Earlier that day, they followed the instructions. It was quiet and somber. The bleating of the lambs was likely the most noise heard throughout Goshen as twilight emerged and as the Israelites followed through on the message from God that Moses and Aaron had delivered.
They began to prepare the meal (in haste), and others went out and stood in front of the doorposts. As they dipped the hyssop in the blood of the freshly sacrificed lamb and painted it on their doorposts, you would likely have seen the mixture of questions and hope on their faces.
This night was unlike any other night before. Full of questions, full of the weight generations had carried, and full of wonder. For 430 years, they had eaten their meals as slaves. But this night, they were to gather around this table as if they were already free.
It was the first Passover. Time for this nation had begun again. The clock was ticking.
At midnight, everything changed. Like a siren, the wailing emerged from the gut of Egypt. The consequence of sin and pride had been delivered. The redemption offered had been rejected, and the impact was just what He said it would be.

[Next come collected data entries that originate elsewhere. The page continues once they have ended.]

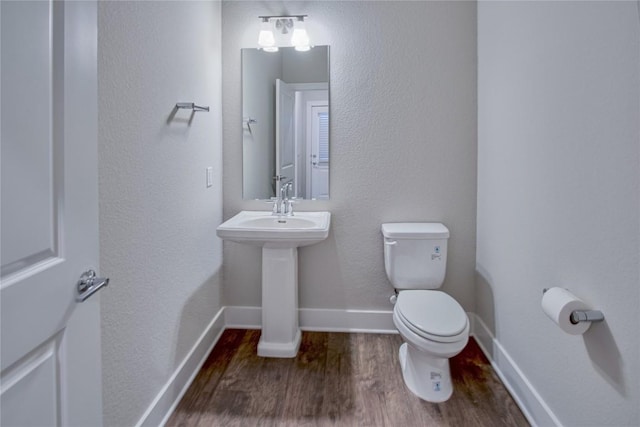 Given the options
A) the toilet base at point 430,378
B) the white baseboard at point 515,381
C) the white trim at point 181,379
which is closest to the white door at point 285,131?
the white trim at point 181,379

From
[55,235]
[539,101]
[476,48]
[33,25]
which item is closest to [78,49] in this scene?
[33,25]

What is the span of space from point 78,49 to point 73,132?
185 millimetres

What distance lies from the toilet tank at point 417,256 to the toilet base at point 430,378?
0.45 metres

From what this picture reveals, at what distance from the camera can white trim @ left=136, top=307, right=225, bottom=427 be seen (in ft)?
5.88

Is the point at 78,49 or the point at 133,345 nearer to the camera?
the point at 78,49

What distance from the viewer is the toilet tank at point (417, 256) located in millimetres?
2477

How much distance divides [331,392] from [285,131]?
62.5 inches

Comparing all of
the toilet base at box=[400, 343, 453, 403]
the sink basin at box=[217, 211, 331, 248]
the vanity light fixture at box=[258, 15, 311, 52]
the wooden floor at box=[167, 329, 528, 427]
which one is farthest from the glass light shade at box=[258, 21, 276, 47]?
the toilet base at box=[400, 343, 453, 403]

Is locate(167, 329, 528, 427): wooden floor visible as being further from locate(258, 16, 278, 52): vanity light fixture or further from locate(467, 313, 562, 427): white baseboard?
locate(258, 16, 278, 52): vanity light fixture

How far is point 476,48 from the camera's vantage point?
264 cm

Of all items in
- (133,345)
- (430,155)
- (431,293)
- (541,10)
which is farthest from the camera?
(430,155)

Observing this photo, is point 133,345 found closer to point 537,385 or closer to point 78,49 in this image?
point 78,49

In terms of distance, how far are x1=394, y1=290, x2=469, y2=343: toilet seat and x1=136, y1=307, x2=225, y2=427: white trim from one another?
1114 millimetres

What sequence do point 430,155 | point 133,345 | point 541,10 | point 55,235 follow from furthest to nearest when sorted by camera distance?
point 430,155
point 541,10
point 133,345
point 55,235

Pharaoh finally said, “Go.” And all the while, the God who was making a way for His people kept vigil over His chosen ones to bring them out of bondage.

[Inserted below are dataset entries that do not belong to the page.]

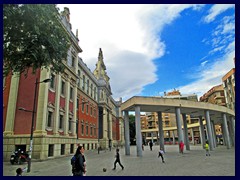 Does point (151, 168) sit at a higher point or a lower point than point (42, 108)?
lower

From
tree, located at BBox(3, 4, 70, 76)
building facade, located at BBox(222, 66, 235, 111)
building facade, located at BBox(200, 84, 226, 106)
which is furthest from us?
building facade, located at BBox(200, 84, 226, 106)

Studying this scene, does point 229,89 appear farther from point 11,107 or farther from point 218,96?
point 11,107

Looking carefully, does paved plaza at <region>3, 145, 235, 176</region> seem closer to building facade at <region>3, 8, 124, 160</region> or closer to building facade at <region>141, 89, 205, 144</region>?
building facade at <region>3, 8, 124, 160</region>

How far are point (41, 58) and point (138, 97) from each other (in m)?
14.1

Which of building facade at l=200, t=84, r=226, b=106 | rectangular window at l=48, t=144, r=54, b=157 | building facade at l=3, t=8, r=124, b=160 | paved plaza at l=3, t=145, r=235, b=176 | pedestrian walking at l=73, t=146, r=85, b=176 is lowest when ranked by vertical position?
paved plaza at l=3, t=145, r=235, b=176

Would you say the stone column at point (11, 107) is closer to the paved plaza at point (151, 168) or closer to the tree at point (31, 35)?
the paved plaza at point (151, 168)

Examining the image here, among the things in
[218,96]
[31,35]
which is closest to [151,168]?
[31,35]

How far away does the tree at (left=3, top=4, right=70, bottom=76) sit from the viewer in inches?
315

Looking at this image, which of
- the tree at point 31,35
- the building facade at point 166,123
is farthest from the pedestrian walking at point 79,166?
the building facade at point 166,123

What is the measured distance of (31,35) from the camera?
29.6 feet

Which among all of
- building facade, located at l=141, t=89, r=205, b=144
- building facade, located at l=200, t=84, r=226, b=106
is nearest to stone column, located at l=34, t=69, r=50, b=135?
building facade, located at l=200, t=84, r=226, b=106

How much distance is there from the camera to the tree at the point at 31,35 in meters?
8.00

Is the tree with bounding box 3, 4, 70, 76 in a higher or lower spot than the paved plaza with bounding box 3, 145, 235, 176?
higher

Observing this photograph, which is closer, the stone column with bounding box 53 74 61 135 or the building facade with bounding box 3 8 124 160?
the building facade with bounding box 3 8 124 160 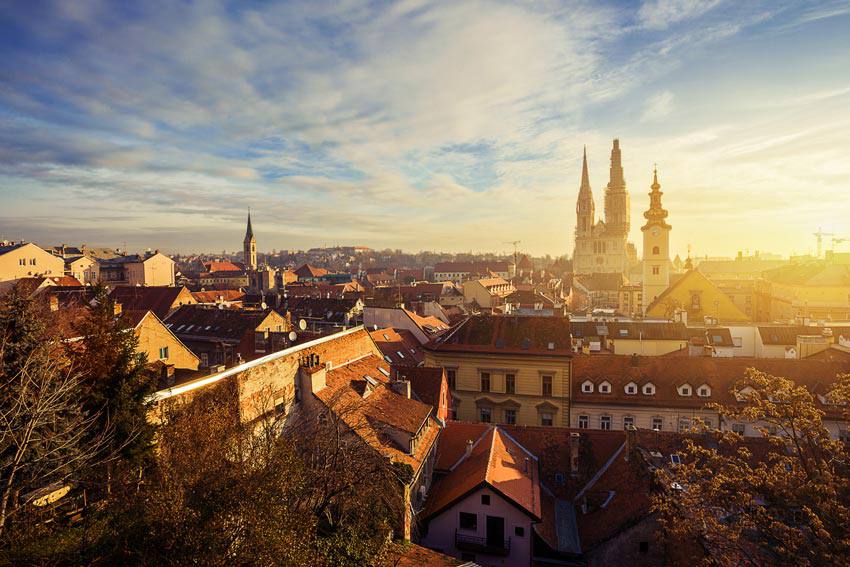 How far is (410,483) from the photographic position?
18.1m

“Because the Lord kept vigil that night to bring them out of Egypt, on this night all the Israelites are to keep vigil to honor the Lord for the generations to come.” Exodus 12:42
That Passover night was a special night. A night of shimmur (Hebrew for a watching or a vigil). It was a night where the God of the universe acted as a Watchman for His people.
And then there was another night. Hundreds upon hundreds of years later.
Earlier that day, the disciples followed the instructions of their Rabbi. During a festive season in Jerusalem where it felt like nothing was quiet and somber, the Rabbi had a weight attached to every word He was speaking. They needed to find a place to observe the Passover, and he gave them specific signs to look for.
Jerusalem was bursting at the seams in preparation for the Passover. The City of David typically had a population of 25,000-35,000, but during Passover it likely grew by another 150,000. It was a time when travelers came from every dispersed corner of the Jewish community. The likelihood of them finding a room was slim to none, but the Lord had miraculously reserved a place to be set apart for this pivotal meal.
At this Passover table, they tasted the matzah. They remembered the tears of bondage as they bit into a vegetable dipped into saltwater. They tasted the bitterness of slavery as they chewed on the bitter herbs. They drank the wine remembering the sweetness of freedom and deliverance.
And then… He showed them that He Himself was the afikomen – the bread of affliction that is broken, pierced, hidden, recovered and dipped during the Seder meal (Luke 22:19; Matt. 26:36). He showed them that He was the cup of Redemption, poured out on their behalf (Luke 22:20; Matt. 26:27). On top of all that was being revealed to them, the Rabbi even conferred on the disciples the kingdom of God (Luke 22:29). It was a night unlike other nights.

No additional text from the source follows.